= DATA BLOCK =
------------------------------------------------------------
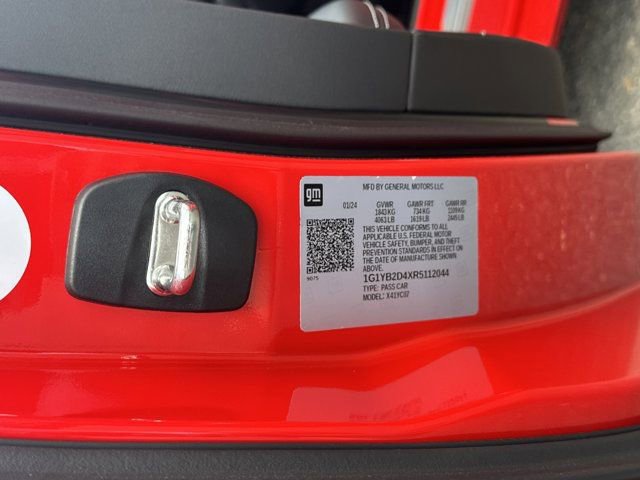 Used 2024 Chevrolet Corvette Stingray Preferred Cpe w/ Z51 Performance Package RWD image 30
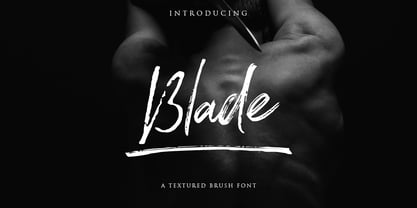 Schriftart Blade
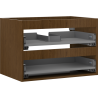 Mexen Box-A caisson de meuble sous-vasque 70 cm, 2 tiroirs, noyer - 91AX0-0700-470-2-86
------------------------------------------------------------
= WHAT YOU SHOULD DO =
From the line that contains "Schriftart Blade" to the last line of the data, print each line exactly, both ends included, and omit the pictures.

= WRITTEN REPLY =
 Schriftart Blade
 Mexen Box-A caisson de meuble sous-vasque 70 cm, 2 tiroirs, noyer - 91AX0-0700-470-2-86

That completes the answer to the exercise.